The region has been on level three water restrictions since the end of 2017 and dams across the South Burnett are beginning to hit concerning levels.
At yesterdays South Burnett Regional Council meeting, Cr Roz Frohloff who holds the portfolio for water, waste water and waste management said Gordonbrook Dam was nearing 50 per cent.
“As of 23 July, BP Dam was at 16.3 per cent, Boondooma was at 34.1 per cent, Boobir was at 21 per cent and Gordonbrook has dropped to 55 per cent,” Cr Frohloff said.
“Council will continue seeking alternate water supplies with drought conditions continuing and council will continue to monitor water restrictions with all towns remaining on level three restrictions.”
Mayor Brett Otto said water security continues to be a major issue for the region.
“I have raised this issue before, it’s very concerning for the region as we approach that nervous area of 50 per cent at Gordonbrook,” Cr Otto said.
“We will continue to work with the state government on the issue in the coming weeks and months.”
With no major rainfall since the start of the year, Cr Kirstie Schumacher asked the question – with dam levels dropping, do we need to start looking at increasing restrictions knowing we may not get any rain this year?

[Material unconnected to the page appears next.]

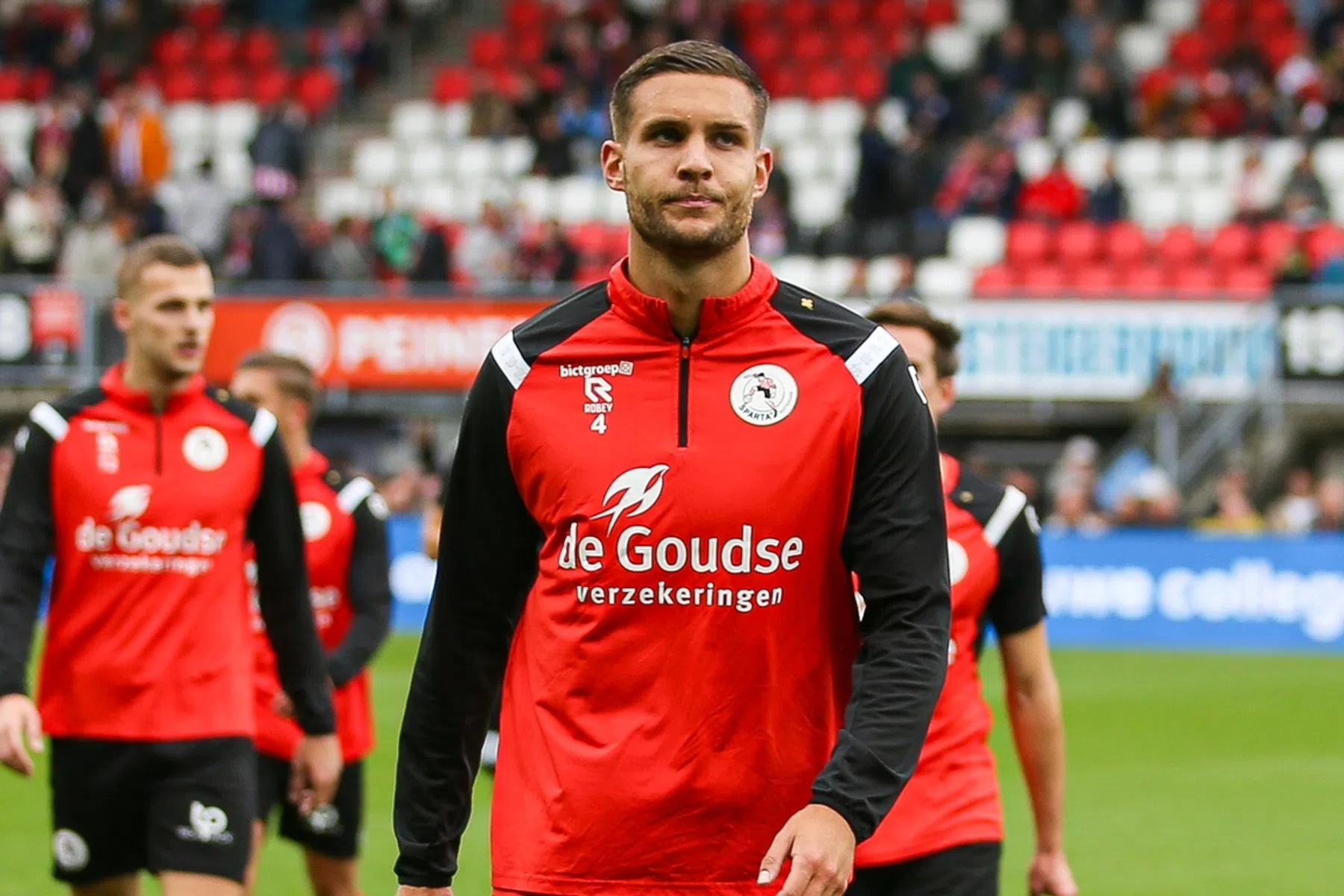 Sparta dreigt basiskracht kwijt te raken aan Engelse club in nood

South Burnett Regional Council general manager Aaron Meehan said council have every intention of workshopping possible changes.
“It’s our intention to workshop any possible changes with Council on water restrictions,” Mr Meehan said.
“We currently have a draught policy that was due for consolation, however was placed on hold until post Kingaroy transformation project.
“Between now and December we are in a position where we do have time to work through that and I think it’s an opportunity to recommence the plan and get those strategies happening.”